(Dataset records)

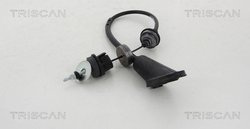 CABLU AMBREIAJ TRISCAN 8140 38233 - Compatibil cu CITROEN, PEUGEOT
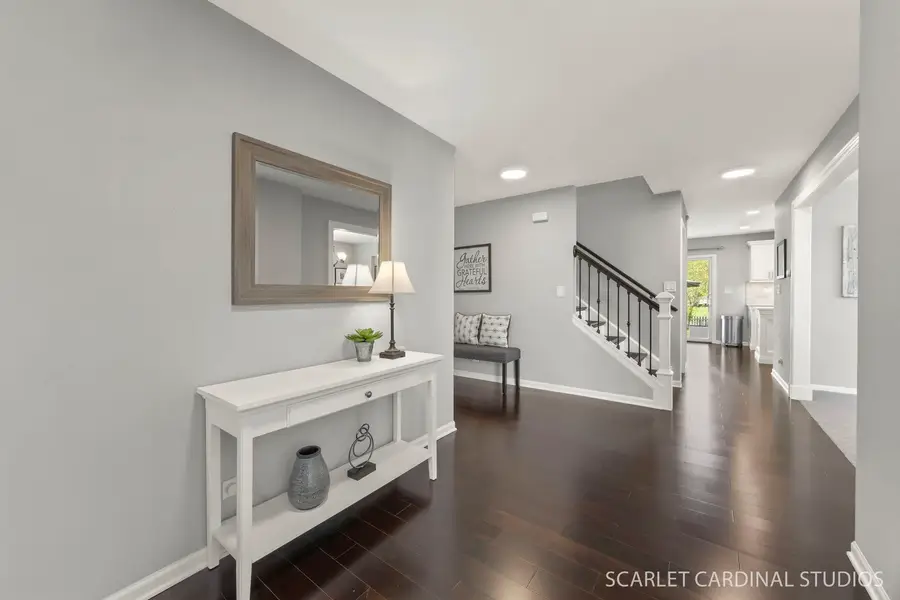 2801 Bauer Road, North Aurora, IL 60542 - #2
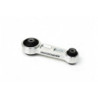 Cayenne 1st Porsche Engine Stopper-top Side Hardrace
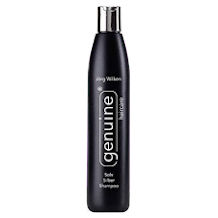 genuine haircare shampoo antigiallo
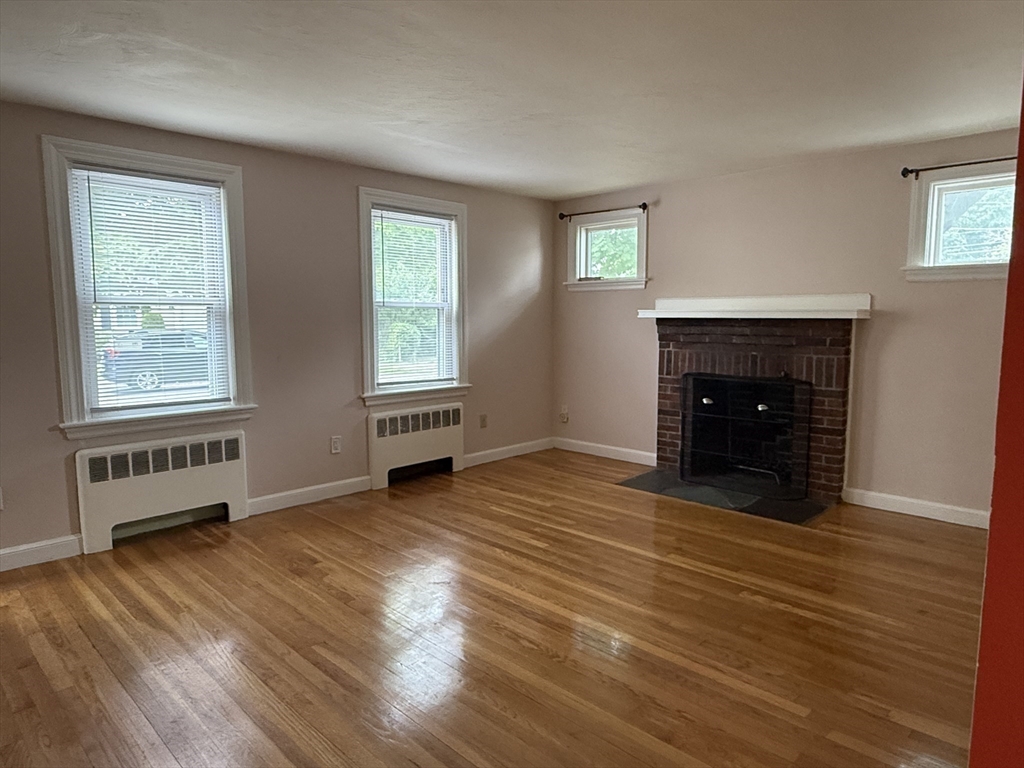 31 Falmouth Rd Unit: _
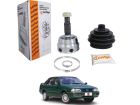 Junta Homocinética COFAP para Ford Versailles 1.8 2.0 8V Manual 1991 até 1992 - Cod. JHC01105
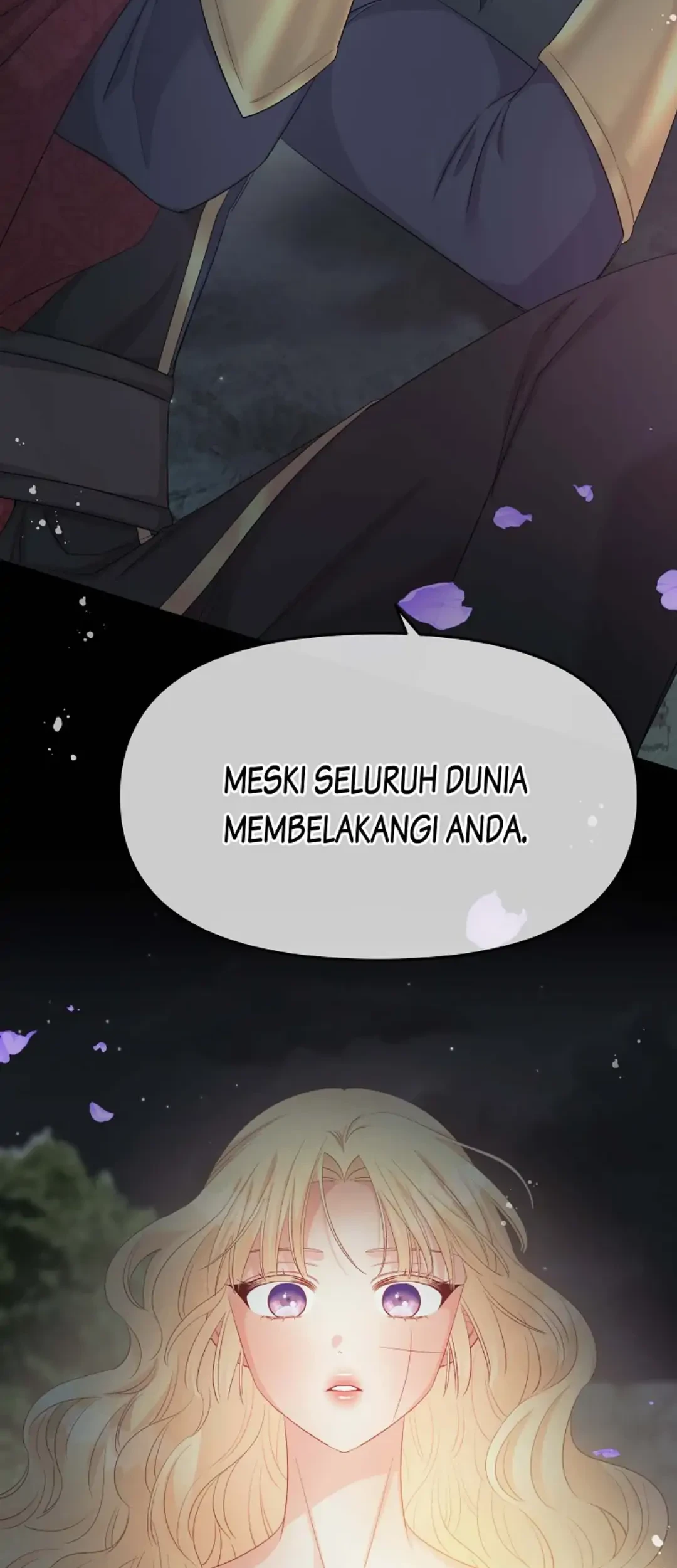 Don’t Concern Yourself With That Book Chapter 68 Gambar 3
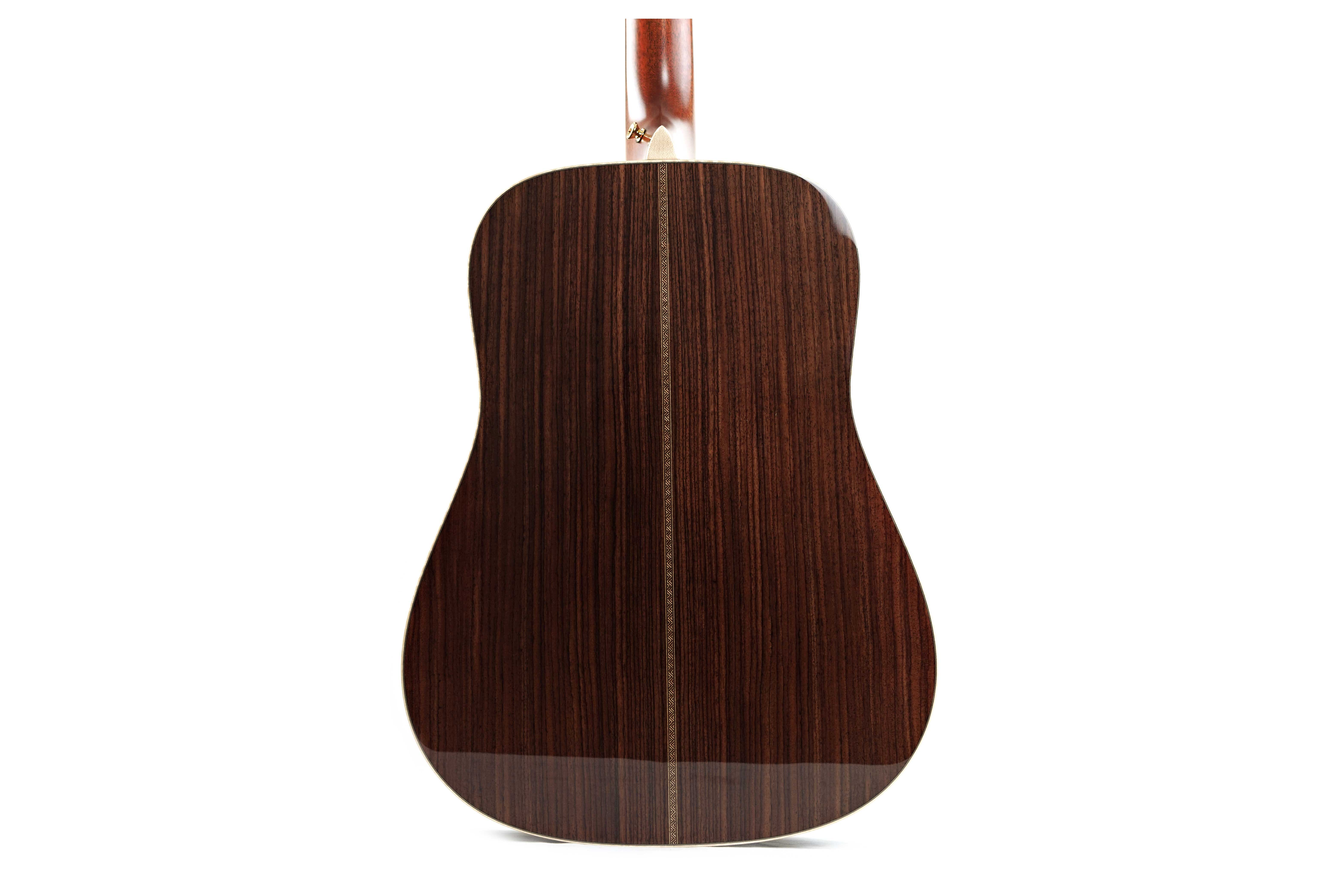 GUITARGUITAR Martin D28E Modern Deluxe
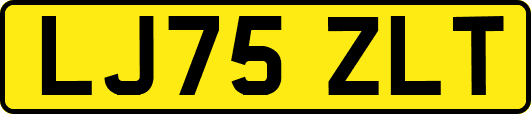 LJ75ZLT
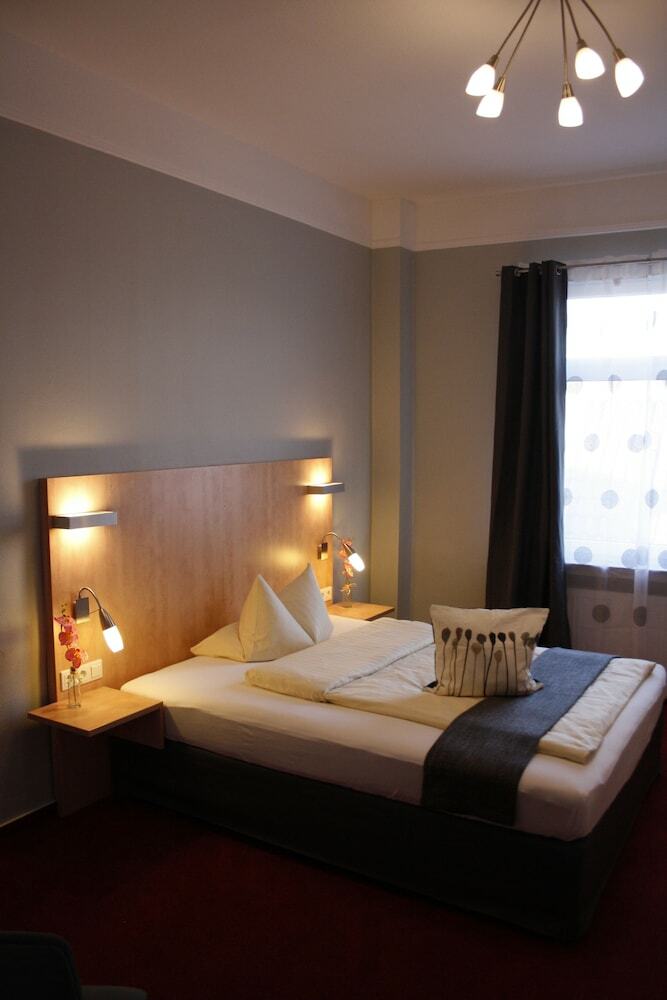 Hostal Hotel Pellm�hle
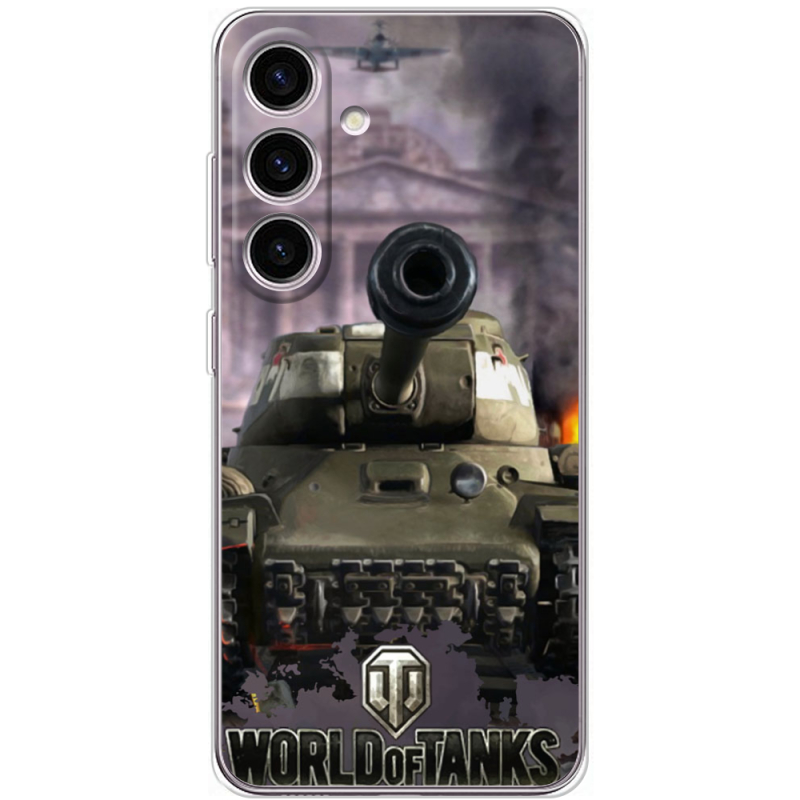 Чохол BoxFace Samsung Galaxy M56 (M566)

▶ _Required action_: Images do not belong in the copy; reproduce all other parts of the records above verbatim.

▶ _Result for this exercise_:
 CABLU AMBREIAJ TRISCAN 8140 38233 - Compatibil cu CITROEN, PEUGEOT
 2801 Bauer Road, North Aurora, IL 60542 - #2
 Cayenne 1st Porsche Engine Stopper-top Side Hardrace
 genuine haircare shampoo antigiallo
 31 Falmouth Rd Unit: _
 Junta Homocinética COFAP para Ford Versailles 1.8 2.0 8V Manual 1991 até 1992 - Cod. JHC01105
 Don’t Concern Yourself With That Book Chapter 68 Gambar 3
 GUITARGUITAR Martin D28E Modern Deluxe
 LJ75ZLT
 Hostal Hotel Pellm�hle
 Чохол BoxFace Samsung Galaxy M56 (M566)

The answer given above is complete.